イランに対する経済制裁は効果があるか

2009年10月10日

 アメリカはいま、ヨーロッパやロシアを巻き込んで、イラン対する新たな経済制裁を、効果あるものにしようとしている。もちろん、この話には日本も、がっちり組み込まれているのであろう。

 問題はアメリカが真剣に取り組んでいる、経済制裁による核問題に対するイランの妥協引き出し策が、成功するか否かだ。これまで何度も書いてきたように、もし、イランが最後まで妥協しなければ、アメリカは好むと好まざるとに関らず、イランとの軍事衝突という選択を、せざるを得なくなるだろう。

 つい最近、ノーベル賞選考委員会はオバマ大統領に対し、ノーベル平和賞を贈ることを決定した。このことは、オバマ大統領に苦しい選択をさせることに、繋がるかも知れない。

 述べるまでも無く、オバマ大統領がノーベル平和賞を受賞することになった理由は、「核の無い世界」の実現を推進していくためだ。そのオバマ大統領が、みすみすイランが核兵器を作ることを、放置したのでは笑い者になろう。従って、オバマ大統領はノーベル平和賞を受けることによって、選択肢が狭められたということではないのか。

 他方、イランだが、経済制裁のなかで、最もイランが困窮するのは、ガソリンの輸入が止まることであろう。公共のバスや電車が不整備なイランでは、自家用車や民営のバスが、主たる移動手段となっているからだ。

 もし、イランのガソリン輸入が不可能になれば、国民の不満はいやおうにも高まろう。ガソリン・スタンドでの喧嘩や、ガソリン・スタンドへの放火といったことが起こり、社会不安そして政治不安に、繋がる危険性があろう。

 ベネズエラがガソリンの輸出を申し出ているが、同国のガソリン生産には限界がある。
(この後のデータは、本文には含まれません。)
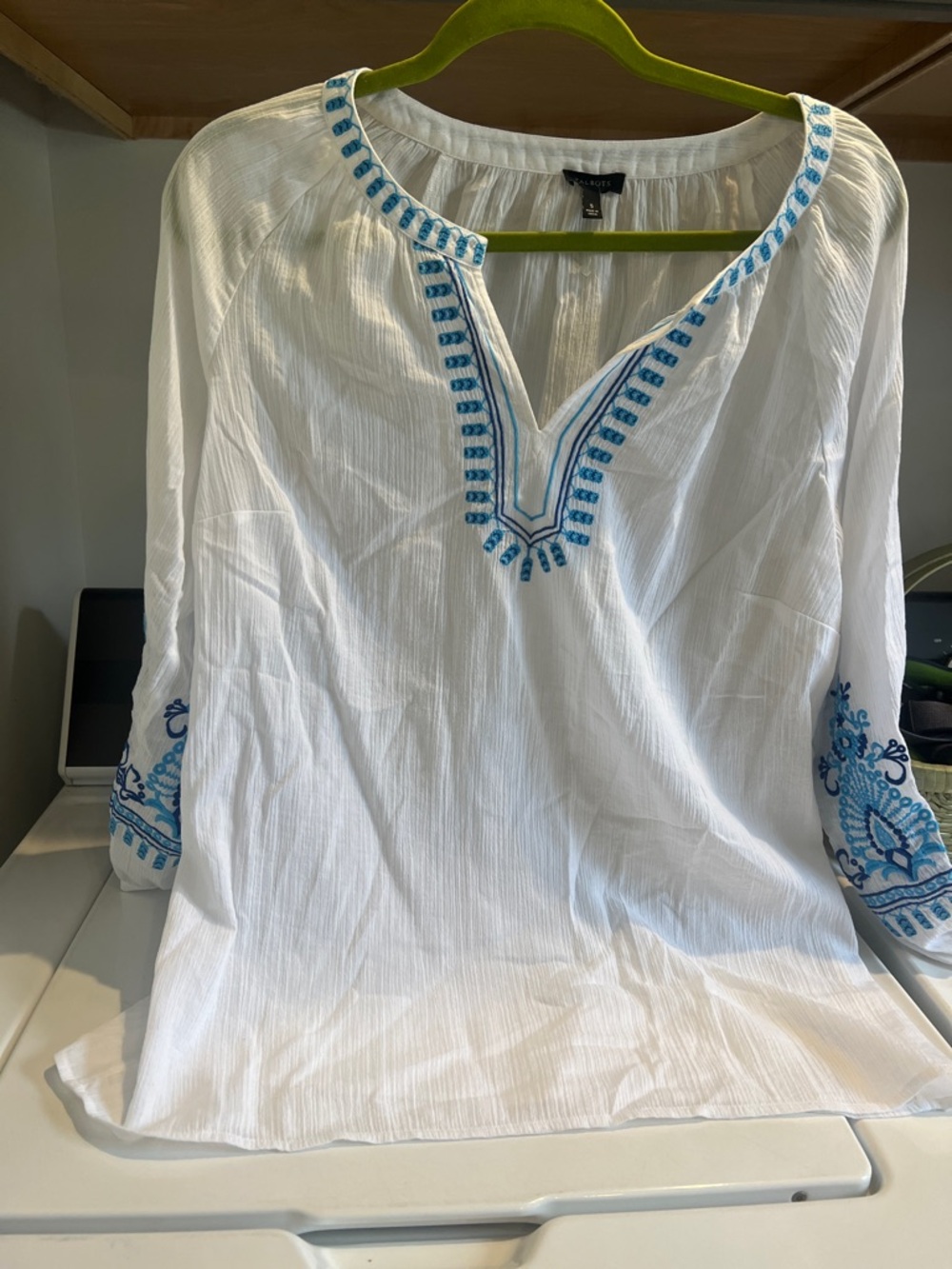 Talbots White Tunic Top with Blue Embroidery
ベネズエラはイランと同様に、アメリカと敵対していることから、石油精製設備が老朽化しているからだ。

 イランがガソリンを輸入しようと思えば、残るのは周辺諸国からの、密輸に頼るということであろう。イラク、トルコ、トルクメニスタン、アゼルバイジャン、パキスタン、アフガニスタンなどがそれだ。もちろん湾岸諸国からも、密輸は行われよう。

 そして中国がアメリカの主導による、イランに対するガソリン禁輸に、どう対応するかだ。いままでのところ中国は、アメリカが進めようとしている、イランに対する制裁で、非協力的な立場を守っている。それは中国がなんとしても、イランの石油・ガス資源を、手に入れたいと考えているからだ。

 イラン同様に中国もまた、公共の移動手段が未整備であることから、石油の輸入に支障が出れば、国内では暴動が起こる、危険性があるのだ。そう考えると、中国は何らかの形でイランに対するガソリンの輸出、あるいはイラン国内でのガソリン生産に手を貸すのではないか。

 イランのマスウード・ミルカゼミ石油相は「輸入先は追加した」と語り、ガソリン禁輸は効果を生まない、と豪語している。逆に、イランに対してガソリンを輸出することから抜ける企業に対しては、輸入リストからはずすとも語っている。

 イランにしてみれば同国が有する石油とガス資源を、中国ばかりではなく、フランスやドイツ、イギリスなどが狙っていることも、強みであろう。

 そして、イランがこれだけ強気なのは、世界の景気が悪いことに加え、石油精製の量に余裕があり、精製業者は輸出したがっているからだ、ということのようだ。そのことに加え、イランは独自で石油精製能力を高めるとし,早晩、イラン自身がガソリンの需要を、満たせるとも語っている。

 考えてみれば、ガソリンの精製には、それほど高い技術を必要としてはいまい。日本は大東亜戦争の頃、松の木の根から油を採り、使用していたではないか(松根油)。

 原油に熱を加え、ガソリンや灯油を作り出すことは、簡単で小さな設備でも、可能なはずだ。言ってみれば、酒から焼酎を造るようなものであろう。従って、ガソリンのイラン向け禁輸を、アメリカが実行したとしても、イランは一定期間、それに耐えうるのではないか。

 もし、イランが本格的な、ある程度の規模の製油所を、作ろうとするのであれば、それが結果的に核開発のスピードを、落とす効果があるかもしれないが。